> _Data extract_
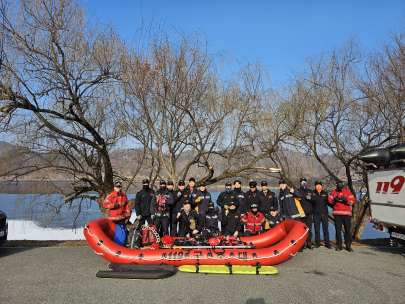 춘천소방서, 해빙기 훈련 실시!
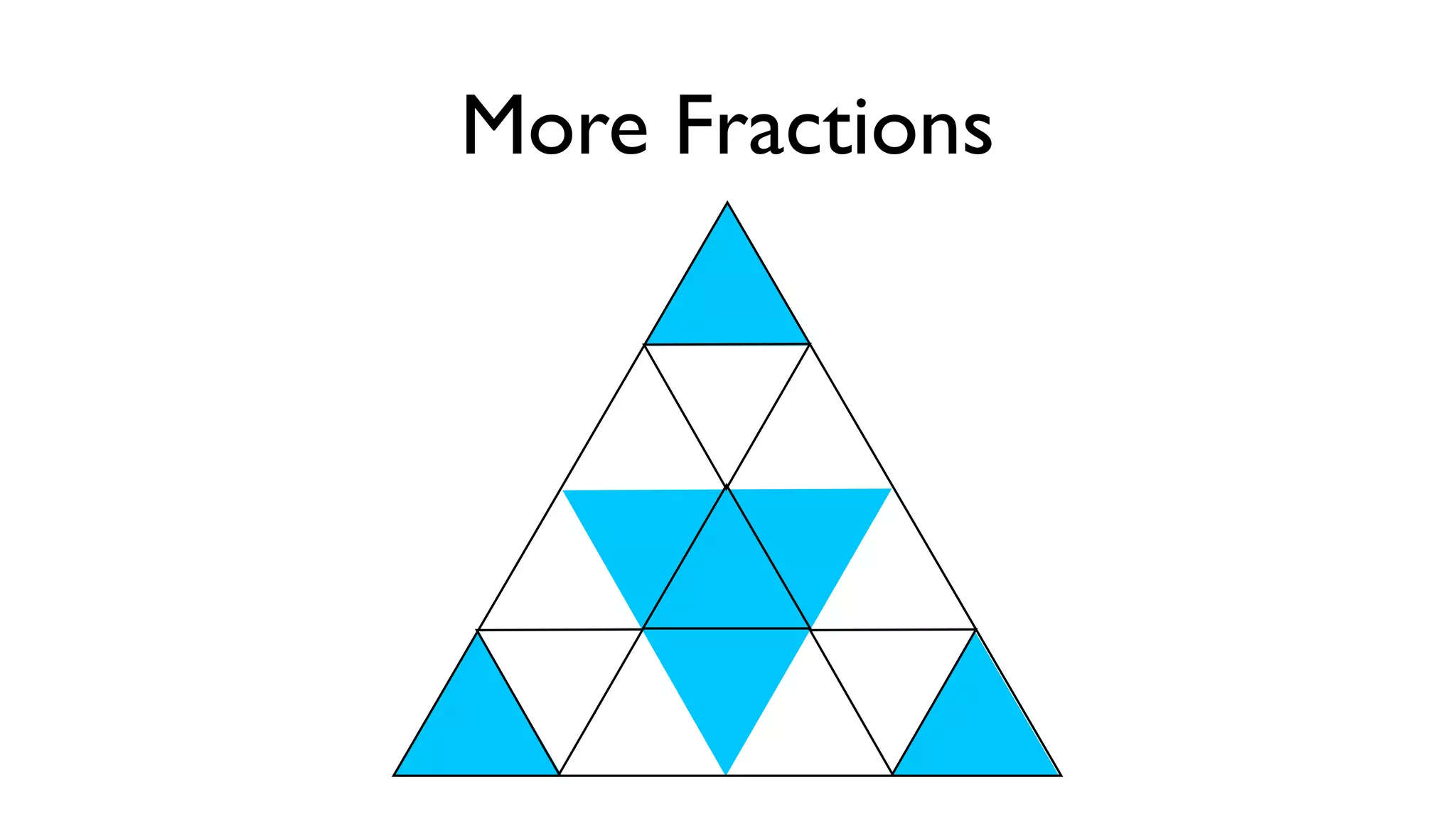 More Fractions
 
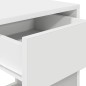 vidaXL Comodino con Cassetto Bianco 35x34x66,5 cm vidaXL Comodino con Cassetto Bianco 35x34x66,5 cm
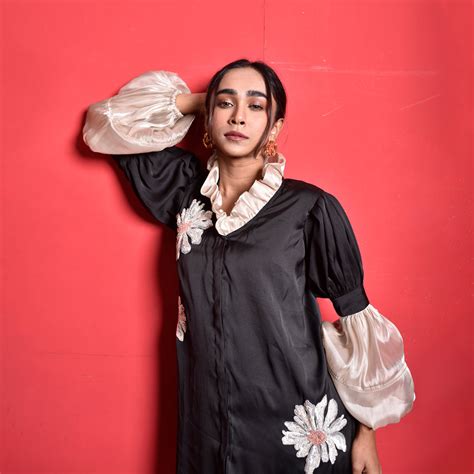 Flower Shirt Dress With Fluid Sleeves – DAASH INDIA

> _The problem_
Each line from the one containing "vidaXL Comodino con Cassetto Bianco 35x34x66,5 cm vidaXL" through the last line of the listing is to be given again exactly, with no pictures and no other lines.

> _Exercise response_
 vidaXL Comodino con Cassetto Bianco 35x34x66,5 cm vidaXL Comodino con Cassetto Bianco 35x34x66,5 cm
 Flower Shirt Dress With Fluid Sleeves – DAASH INDIA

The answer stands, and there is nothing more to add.